What needs to be done →
Word for word, retype every record in the listing.
*** Available records ***
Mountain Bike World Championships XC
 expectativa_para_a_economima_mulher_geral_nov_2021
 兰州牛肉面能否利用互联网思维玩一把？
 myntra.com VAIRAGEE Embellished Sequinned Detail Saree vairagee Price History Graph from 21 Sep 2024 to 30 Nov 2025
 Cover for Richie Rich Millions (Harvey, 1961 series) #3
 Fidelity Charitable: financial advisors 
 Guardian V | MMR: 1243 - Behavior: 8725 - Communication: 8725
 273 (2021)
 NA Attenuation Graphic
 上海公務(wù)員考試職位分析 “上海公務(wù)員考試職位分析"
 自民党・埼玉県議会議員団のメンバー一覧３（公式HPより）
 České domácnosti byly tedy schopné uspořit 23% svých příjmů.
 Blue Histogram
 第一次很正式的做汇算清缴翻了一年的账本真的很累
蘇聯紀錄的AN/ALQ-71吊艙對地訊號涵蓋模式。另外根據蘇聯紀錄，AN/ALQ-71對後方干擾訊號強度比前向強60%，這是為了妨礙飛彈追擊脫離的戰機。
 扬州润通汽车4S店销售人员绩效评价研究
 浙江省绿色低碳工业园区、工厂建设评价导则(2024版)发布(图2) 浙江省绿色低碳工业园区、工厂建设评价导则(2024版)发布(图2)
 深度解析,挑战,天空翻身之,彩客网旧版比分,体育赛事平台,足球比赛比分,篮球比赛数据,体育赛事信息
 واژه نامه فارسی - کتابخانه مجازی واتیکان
***
Answer space →
Mountain Bike World Championships XC
 expectativa_para_a_economima_mulher_geral_nov_2021
 兰州牛肉面能否利用互联网思维玩一把？
 myntra.com VAIRAGEE Embellished Sequinned Detail Saree vairagee Price History Graph from 21 Sep 2024 to 30 Nov 2025
 Cover for Richie Rich Millions (Harvey, 1961 series) #3
 Fidelity Charitable: financial advisors 
 Guardian V | MMR: 1243 - Behavior: 8725 - Communication: 8725
 273 (2021)
 NA Attenuation Graphic
 上海公務(wù)員考試職位分析 “上海公務(wù)員考試職位分析"
 自民党・埼玉県議会議員団のメンバー一覧３（公式HPより）
 České domácnosti byly tedy schopné uspořit 23% svých příjmů.
 Blue Histogram
 第一次很正式的做汇算清缴翻了一年的账本真的很累
蘇聯紀錄的AN/ALQ-71吊艙對地訊號涵蓋模式。另外根據蘇聯紀錄，AN/ALQ-71對後方干擾訊號強度比前向強60%，這是為了妨礙飛彈追擊脫離的戰機。
 扬州润通汽车4S店销售人员绩效评价研究
 浙江省绿色低碳工业园区、工厂建设评价导则(2024版)发布(图2) 浙江省绿色低碳工业园区、工厂建设评价导则(2024版)发布(图2)
 深度解析,挑战,天空翻身之,彩客网旧版比分,体育赛事平台,足球比赛比分,篮球比赛数据,体育赛事信息
 واژه نامه فارسی - کتابخانه مجازی واتیکان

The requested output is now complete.